En ellos, los pacientes encuentran un entorno seguro en el que compartir todas estas frustraciones sin ser juzgados y esto puede mejorar considerablemente su estado anímico e incluso físico. Acudir a estas reuniones puede mejorar el punto de vista con el que se abordan las dificultades de la enfermedad y también rebajar el nivel de lastre mental que cargan los pacientes en su vida cotidiana.

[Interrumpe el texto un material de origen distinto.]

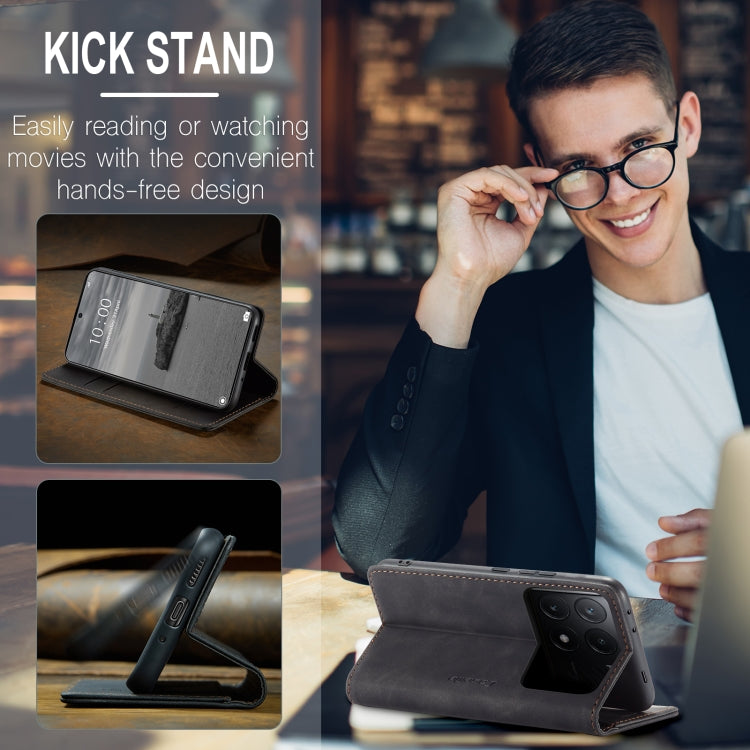 For Xiaomi Redmi K70E 5G CaseMe 013 Multifunctional Horizontal Flip Leather Phone Case(Black) - Xiaomi Cases by CaseMe | Online Shopping UK | buy2fix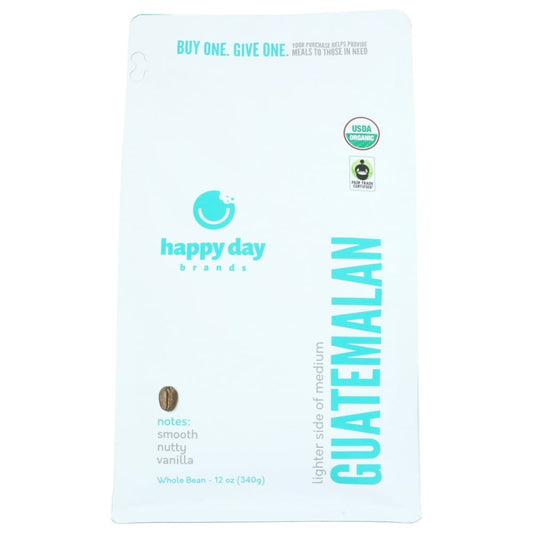HAPPY DAY BRANDS: Coffee Guatemalan Whle Bn 12 OZ (Pack of 2) - Grocery > Beverages > Coffee Tea & Hot Cocoa - HAPPY DAY BRANDS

Las dificultades en el trabajo

Cualquier pequeño esfuerzo puede ser un mundo para una persona con fibromialgia, y eso se traslada también a las tareas (incluso las más cotidianas) en el entorno laboral. Cuando la enfermedad evoluciona una buena parte de los pacientes se ve impedida para seguir trabajando, en cambio, resulta realmente complicado obtener una incapacidad por esta enfermedad, ya que los sistemas de salud no cuentan con herramientas estandarizadas para ello.

 

Esto se puede volver realmente complicado para los pacientes, que sufren un gran dolor físico al verse obligados a seguir acudiendo a sus puestos de trabajo y una imponente carga emocional derivada del abandono de las instituciones.

El entorno familiar

Sin una postura firme desde el sistema sanitario, ¿cómo explicar a familiares y amigos las consecuencias reales de la fibromialgia? En muchas ocasiones el entorno cercano de los pacientes no es capaz de comprender la magnitud real de esta enfermedad, o se encuentran poco formados para ayudar correctamente a su ser querido. Estas situaciones pueden generar una gran sensación de soledad y desamparo.